Natürliche Materialien, helle Hölzer und eine zurückhaltende Farbpalette verleihen dem Interieur eine ruhige Atmosphäre. © Muuto
War's das mit Dopamine Decor?
Weniger Reiz, mehr Atmosphäre: Gedeckte Farben prägen eine neue Generation von Interieurs und verändern den Blick auf Wohnen grundlegend.

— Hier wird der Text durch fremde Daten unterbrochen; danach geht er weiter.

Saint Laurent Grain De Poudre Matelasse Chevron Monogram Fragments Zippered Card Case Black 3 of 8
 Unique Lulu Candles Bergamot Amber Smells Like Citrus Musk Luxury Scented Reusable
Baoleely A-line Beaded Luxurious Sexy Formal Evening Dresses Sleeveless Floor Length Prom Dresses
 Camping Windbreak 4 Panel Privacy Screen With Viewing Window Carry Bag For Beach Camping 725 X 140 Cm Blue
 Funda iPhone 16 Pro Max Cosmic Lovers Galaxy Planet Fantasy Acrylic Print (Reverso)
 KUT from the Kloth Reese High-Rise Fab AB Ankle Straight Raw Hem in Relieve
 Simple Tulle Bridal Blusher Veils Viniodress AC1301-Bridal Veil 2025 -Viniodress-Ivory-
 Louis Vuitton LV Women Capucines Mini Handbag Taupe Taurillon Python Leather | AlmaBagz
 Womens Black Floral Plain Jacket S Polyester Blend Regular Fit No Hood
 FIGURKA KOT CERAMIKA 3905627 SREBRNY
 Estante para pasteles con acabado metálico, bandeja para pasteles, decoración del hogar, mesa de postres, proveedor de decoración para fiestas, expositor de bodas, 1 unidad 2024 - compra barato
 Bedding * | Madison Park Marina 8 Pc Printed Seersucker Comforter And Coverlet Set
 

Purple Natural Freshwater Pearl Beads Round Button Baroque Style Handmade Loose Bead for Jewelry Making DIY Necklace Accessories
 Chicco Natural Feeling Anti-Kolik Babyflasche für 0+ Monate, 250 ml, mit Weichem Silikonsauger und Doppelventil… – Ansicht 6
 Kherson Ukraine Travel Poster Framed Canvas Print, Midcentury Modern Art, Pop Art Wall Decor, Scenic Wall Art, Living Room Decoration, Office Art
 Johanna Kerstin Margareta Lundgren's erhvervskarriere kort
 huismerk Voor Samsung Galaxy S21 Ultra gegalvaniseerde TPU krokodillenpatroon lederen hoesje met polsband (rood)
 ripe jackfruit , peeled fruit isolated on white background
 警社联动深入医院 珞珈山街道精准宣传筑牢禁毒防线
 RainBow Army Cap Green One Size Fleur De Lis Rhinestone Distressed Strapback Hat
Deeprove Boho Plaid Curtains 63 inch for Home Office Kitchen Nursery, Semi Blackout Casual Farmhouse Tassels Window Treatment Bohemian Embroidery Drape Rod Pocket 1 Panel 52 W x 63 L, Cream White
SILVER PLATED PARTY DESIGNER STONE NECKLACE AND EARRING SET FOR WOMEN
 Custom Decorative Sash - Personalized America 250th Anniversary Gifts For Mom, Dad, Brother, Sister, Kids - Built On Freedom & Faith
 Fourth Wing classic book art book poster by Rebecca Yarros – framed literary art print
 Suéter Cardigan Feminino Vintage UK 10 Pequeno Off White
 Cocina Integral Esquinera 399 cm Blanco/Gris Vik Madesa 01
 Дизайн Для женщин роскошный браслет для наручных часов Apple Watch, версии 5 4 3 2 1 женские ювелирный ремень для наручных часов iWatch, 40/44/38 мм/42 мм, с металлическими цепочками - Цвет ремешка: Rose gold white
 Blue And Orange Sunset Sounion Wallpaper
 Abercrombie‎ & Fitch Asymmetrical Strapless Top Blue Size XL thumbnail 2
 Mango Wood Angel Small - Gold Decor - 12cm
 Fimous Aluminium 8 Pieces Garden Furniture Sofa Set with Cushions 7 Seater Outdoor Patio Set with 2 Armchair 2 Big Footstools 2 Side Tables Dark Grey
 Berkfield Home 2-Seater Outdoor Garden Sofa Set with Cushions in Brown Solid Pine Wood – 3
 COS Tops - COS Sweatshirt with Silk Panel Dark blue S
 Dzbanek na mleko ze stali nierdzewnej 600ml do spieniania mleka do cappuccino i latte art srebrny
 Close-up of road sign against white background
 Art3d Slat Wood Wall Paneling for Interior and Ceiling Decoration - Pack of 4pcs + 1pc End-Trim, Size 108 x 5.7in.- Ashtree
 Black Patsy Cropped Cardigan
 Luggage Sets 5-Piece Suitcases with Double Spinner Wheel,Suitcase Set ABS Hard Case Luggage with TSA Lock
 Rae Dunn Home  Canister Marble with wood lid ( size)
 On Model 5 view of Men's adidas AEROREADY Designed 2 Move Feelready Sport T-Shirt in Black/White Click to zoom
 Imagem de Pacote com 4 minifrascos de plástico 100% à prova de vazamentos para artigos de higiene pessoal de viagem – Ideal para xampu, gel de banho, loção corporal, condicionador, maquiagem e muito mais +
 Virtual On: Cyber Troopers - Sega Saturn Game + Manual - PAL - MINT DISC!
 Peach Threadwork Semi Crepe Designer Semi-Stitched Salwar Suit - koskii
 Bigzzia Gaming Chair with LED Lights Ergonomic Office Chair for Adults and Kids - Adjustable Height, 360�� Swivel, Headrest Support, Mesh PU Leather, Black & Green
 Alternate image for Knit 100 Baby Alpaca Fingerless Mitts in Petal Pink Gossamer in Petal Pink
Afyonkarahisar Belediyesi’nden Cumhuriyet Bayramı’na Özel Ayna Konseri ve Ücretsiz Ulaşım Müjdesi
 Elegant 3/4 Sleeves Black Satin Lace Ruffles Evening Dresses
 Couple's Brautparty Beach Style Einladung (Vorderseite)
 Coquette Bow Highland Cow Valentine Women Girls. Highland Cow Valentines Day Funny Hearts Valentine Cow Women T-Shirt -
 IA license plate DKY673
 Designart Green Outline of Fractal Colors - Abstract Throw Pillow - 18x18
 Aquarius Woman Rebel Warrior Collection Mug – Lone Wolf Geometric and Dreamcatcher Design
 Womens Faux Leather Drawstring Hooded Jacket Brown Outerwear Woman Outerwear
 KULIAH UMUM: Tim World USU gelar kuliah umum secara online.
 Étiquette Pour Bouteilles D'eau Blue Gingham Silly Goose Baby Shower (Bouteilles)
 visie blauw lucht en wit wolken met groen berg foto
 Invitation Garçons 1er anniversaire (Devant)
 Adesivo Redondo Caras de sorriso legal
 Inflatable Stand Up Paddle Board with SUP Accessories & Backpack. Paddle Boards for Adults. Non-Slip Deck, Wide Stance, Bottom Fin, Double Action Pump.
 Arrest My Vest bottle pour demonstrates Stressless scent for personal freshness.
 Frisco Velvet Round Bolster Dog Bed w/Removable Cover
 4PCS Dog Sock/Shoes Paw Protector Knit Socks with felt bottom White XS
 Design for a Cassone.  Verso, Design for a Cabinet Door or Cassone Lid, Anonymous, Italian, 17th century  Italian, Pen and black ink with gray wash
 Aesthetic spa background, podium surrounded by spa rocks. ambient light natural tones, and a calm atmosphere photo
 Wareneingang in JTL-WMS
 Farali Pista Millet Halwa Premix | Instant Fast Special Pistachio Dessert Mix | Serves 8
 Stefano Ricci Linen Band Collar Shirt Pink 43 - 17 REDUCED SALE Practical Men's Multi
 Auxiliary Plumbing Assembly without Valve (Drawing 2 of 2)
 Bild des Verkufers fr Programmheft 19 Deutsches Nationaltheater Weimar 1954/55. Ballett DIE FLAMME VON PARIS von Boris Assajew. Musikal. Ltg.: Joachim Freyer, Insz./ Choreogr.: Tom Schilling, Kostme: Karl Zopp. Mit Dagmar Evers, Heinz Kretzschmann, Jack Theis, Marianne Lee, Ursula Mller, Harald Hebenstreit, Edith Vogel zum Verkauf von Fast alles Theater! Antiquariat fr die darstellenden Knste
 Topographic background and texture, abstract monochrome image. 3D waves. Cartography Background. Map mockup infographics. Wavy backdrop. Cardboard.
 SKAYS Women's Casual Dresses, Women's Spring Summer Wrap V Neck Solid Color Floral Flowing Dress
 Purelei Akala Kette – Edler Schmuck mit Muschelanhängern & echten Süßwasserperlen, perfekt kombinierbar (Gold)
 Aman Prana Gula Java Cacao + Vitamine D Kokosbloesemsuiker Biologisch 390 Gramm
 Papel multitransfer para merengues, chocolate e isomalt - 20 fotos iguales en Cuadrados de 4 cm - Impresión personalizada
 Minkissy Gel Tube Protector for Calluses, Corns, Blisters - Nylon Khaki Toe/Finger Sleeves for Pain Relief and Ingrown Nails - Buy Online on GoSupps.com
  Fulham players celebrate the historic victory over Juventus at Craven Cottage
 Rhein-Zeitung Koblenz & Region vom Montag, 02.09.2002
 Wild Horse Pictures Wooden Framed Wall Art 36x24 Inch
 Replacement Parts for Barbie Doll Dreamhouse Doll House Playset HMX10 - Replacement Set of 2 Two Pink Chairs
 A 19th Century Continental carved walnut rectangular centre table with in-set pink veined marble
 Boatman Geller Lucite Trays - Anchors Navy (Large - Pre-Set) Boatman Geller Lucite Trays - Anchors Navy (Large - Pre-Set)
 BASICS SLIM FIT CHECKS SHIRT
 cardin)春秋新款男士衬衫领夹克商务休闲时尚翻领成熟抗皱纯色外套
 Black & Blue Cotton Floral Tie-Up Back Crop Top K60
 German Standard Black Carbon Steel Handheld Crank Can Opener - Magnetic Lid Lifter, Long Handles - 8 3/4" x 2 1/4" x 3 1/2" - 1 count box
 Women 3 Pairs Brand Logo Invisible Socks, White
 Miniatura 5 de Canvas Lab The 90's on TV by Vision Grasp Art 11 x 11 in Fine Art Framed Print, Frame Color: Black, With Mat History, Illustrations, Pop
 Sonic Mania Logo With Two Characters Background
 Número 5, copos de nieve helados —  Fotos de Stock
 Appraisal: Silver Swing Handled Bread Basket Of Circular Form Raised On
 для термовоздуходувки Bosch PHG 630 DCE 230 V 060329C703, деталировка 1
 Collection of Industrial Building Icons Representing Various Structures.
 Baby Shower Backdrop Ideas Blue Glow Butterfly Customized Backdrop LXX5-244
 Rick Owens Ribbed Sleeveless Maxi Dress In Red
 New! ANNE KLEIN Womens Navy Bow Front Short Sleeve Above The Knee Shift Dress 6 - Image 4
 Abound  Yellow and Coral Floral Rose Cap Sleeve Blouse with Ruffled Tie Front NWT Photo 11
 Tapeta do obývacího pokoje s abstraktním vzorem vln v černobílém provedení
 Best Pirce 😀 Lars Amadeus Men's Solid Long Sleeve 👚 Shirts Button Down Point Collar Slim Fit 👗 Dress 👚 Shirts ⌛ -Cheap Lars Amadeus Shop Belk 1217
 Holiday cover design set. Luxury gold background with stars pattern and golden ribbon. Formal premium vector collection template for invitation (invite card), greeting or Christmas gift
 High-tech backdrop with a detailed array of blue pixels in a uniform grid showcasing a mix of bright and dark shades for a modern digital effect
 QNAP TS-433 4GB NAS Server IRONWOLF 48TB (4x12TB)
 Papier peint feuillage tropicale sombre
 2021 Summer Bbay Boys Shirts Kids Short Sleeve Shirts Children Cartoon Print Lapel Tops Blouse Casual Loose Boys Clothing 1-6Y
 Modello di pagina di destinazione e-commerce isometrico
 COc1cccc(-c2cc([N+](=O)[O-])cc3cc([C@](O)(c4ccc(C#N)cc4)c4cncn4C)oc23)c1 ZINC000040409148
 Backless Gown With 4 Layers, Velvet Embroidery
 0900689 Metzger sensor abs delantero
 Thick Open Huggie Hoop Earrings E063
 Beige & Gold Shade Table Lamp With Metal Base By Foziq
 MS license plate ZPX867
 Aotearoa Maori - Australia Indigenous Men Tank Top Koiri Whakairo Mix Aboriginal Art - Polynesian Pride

Kräftige Farben, expressive Muster und eine gehörige Portion Optimismus sollten Wohnräume zu Orten machen, die Energie schenken und gute Laune ausstrahlen. Doch inzwischen scheint sich der Blick zu verändern. Er ist viel leiser, erdiger und zurückhaltender. Die eigentliche Frage lautet deshalb: Erleben wir gerade das Ende eines Trends oder den Beginn eines neuen Farbverständnisses? Dass Farbe heute weit mehr ist als reine Gestaltung, zeigt bereits die Diskussion im vergangenem Jahr um die Pantone Color of the Year. Mocha Mousse, ein sanfter Braunton, wurde von den einen als wohltuend und zeitlos gefeiert, von den anderen als uninspiriert oder gar langweilig kritisiert. Selten wurde eine Farbentscheidung so kontrovers aufgenommen. Vielleicht, weil sie exemplarisch für einen größeren Wandel steht.

© Audo Copenhagen
Die Ästhetik des Geerdeten
Nach Jahren permanenter visueller Reize wächst die Sehnsucht nach Räumen, die Ruhe ausstrahlen. Das Zuhause soll heute weniger stimulieren als entschleunigen. Gedeckte Braun- und Sandtöne, warmes Grau, Oliv oder Lehmfarben treffen genau dieses Bedürfnis. Sie wirken vertraut, schaffen Tiefe und lassen Materialien wie Holz, Naturstein oder Leinen stärker in den Vordergrund treten. Parallel dazu etabliert sich ein Begriff, der derzeit immer häufiger in der Designwelt auftaucht: Grounding. Dahinter verbirgt sich der Wunsch nach Interieurs, die Halt vermitteln und eine Verbindung zur Natur herstellen. Farbe wird dabei zum Stimmungsträger. Nicht laut und aufmerksamkeitsstark, sondern ruhig, beständig und langlebig.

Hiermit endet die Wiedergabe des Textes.